Home > mailing lists
Re: [HACKERS] [POC] hash partitioning - Mailing list pgsql-hackers

From	Robert Haas
Subject	Re: [HACKERS] [POC] hash partitioning
Date	May 10, 2017 21:09:04
Msg-id	CA+TgmoZd1RSk+j1NsOoza_EqdjzvyqeozcxGpBFj948aONkixQ@mail.gmail.com Whole thread Raw
In response to	Re: [HACKERS] [POC] hash partitioning (amul sul <sulamul@gmail.com>)
Responses	Re: [HACKERS] [POC] hash partitioning Re: [HACKERS] [POC] hash partitioning
List	pgsql-hackers
Tree view
On Wed, May 3, 2017 at 9:09 AM, amul sul <sulamul@gmail.com> wrote:
> Fixed in the attached version.

+[ PARTITION BY { HASH | RANGE | LIST } ( { <replaceable
class="parameter">column_name</replaceable> | ( <replaceable
class="parameter">expression</replaceable> ) } [ COLLATE <replaceable

In the department of severe nitpicking, I would have expected this to
either use alphabetical order (HASH | LIST | RANGE) or to add the new
method at the end on the theory that we probably did the important
ones first (RANGE | LIST | HASH).

+  WITH ( MODULUS <replaceable class="PARAMETER">value</replaceable>,
REMAINDER <replaceable class="PARAMETER">value</replaceable> ) }

Maybe value -> modulus and value -> remainder?
     <para>
+      When creating a hash partition, <literal>MODULUS</literal> should be
+      greater than zero and <literal>REMAINDER</literal> should be greater than
+      or equal to zero.  Every <literal>MODULUS</literal> must be a factor of
+      the next larger modulus.
[ ... and it goes on from there ... ]

This paragraph is fairly terrible, because it's a design spec that I
wrote, not an explanation intended for users.  Here's an attempt to
improve it:

===
When creating a hash partition, a modulus and remainder must be
specified.  The modulus must be a positive integer, and the remainder
must a non-negative integer less than the modulus.  Typically, when
initially setting up a hash-partitioned table, you should choose a
modulus equal to the number of partitions and assign every table the
same modulus and a different remainder (see examples, below).
However, it is not required that every partition have the same
modulus, only that every modulus which occurs among the children of a
hash-partitioned table is a factor of the next larger modulus.  This
allows the number of partitions to be increased incrementally without
needing to move all the data at once.  For example, suppose you have a
hash-partitioned table with 8 children, each of which has modulus 8,
but find it necessary to increase the number of partitions to 16.  You
can detach one of the modulus-8 partitions, create two new modulus-16
partitions covering the same portion of the key space (one with a
remainder equal to the remainder of the detached partition, and the
other with a remainder equal to that value plus 8), and repopulate
them with data.  You can then repeat this -- perhaps at a later time
-- for each modulus-8 partition until none remain.  While this may
still involve a large amount of data movement at each step, it is
still better than having to create a whole new table and move all the
data at once.
===

+CREATE TABLE postal_code (
+    code         int not null,
+    city_id      bigint not null,
+    address      text
+) PARTITION BY HASH (code);

It would be fairly silly to hash-partition the postal_code table,
because there aren't enough postal codes to justify it.  Maybe make
this a lineitem or order table, and partition on the order number.
Also, extend the example to show creating 4 partitions with modulus 4.

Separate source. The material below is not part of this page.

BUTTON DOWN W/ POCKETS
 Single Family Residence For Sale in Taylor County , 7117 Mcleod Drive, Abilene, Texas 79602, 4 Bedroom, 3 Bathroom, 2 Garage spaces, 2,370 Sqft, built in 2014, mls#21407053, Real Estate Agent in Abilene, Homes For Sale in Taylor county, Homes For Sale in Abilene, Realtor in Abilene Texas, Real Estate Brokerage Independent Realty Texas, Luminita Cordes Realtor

+                if (spec->strategy != PARTITION_STRATEGY_HASH)
+                    elog(ERROR, "invalid strategy in partition bound spec");

I think this should be an ereport() if it can happen or an Assert() if
it's supposed to be prevented by the grammar.

+            if (!(datumIsEqual(b1->datums[i][0], b2->datums[i][0],
+                               true, sizeof(int)) &&

It doesn't seem necessary to use datumIsEqual() here.  You know the
datums are pass-by-value, so why not just use == ?  I'd include a
comment but I don't think using datumIsEqual() adds anything here
except unnecessary complexity.  More broadly, I wonder why we're
cramming this into the datums arrays instead of just adding another
field to PartitionBoundInfoData that is only used by hash
partitioning.
                   /*
+                     * Check rule that every modulus must be a factor of the
+                     * next larger modulus.  For example, if you have a bunch
+                     * of partitions that all have modulus 5, you can add a new
+                     * new partition with modulus 10 or a new partition with
+                     * modulus 15, but you cannot add both a partition with
+                     * modulus 10 and a partition with modulus 15, because 10
+                     * is not a factor of 15.  However, you could
simultaneously
+                     * use modulus 4, modulus 8, modulus 16, and modulus 32 if
+                     * you wished, because each modulus is a factor of the next
+                     * larger one.  You could also use modulus 10, modulus 20,
+                     * and modulus 60. But you could not use modulus 10,
+                     * modulus 15, and modulus 60 for the same reason.
+                     */

I think just the first sentence is fine here; I'd nuke the rest of this.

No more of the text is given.